**Task prompt:** Your task is to restate the listing word for word without the pictures.

**Data provided:**
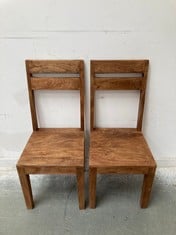 2 X STONE THE CROWS DINING CHAIR IN HONEY - (H) 45 X (W) 43 X (D) 100 CM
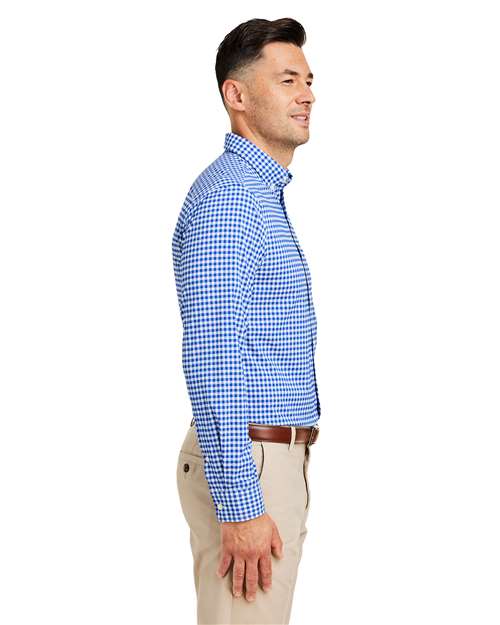 vineyard vines W012060 Men's On-The-Go Nylon Gingham Shirt - Martime Blue - model side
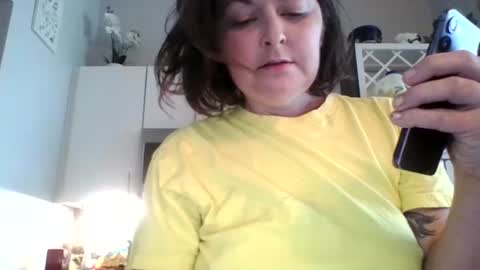 Snapshot of tinyassbossymilf chatting on 07.30.26 tinyassbossymilf online show from 07.30.26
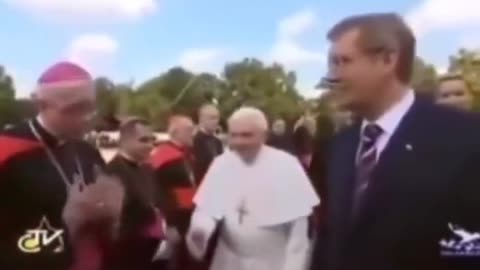 la potentissima fazione gesuita evita benedetto xvi dopo poco le dimissioni..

**Reply to the task:**
 2 X STONE THE CROWS DINING CHAIR IN HONEY - (H) 45 X (W) 43 X (D) 100 CM
 vineyard vines W012060 Men's On-The-Go Nylon Gingham Shirt - Martime Blue - model side
 Snapshot of tinyassbossymilf chatting on 07.30.26 tinyassbossymilf online show from 07.30.26
 la potentissima fazione gesuita evita benedetto xvi dopo poco le dimissioni..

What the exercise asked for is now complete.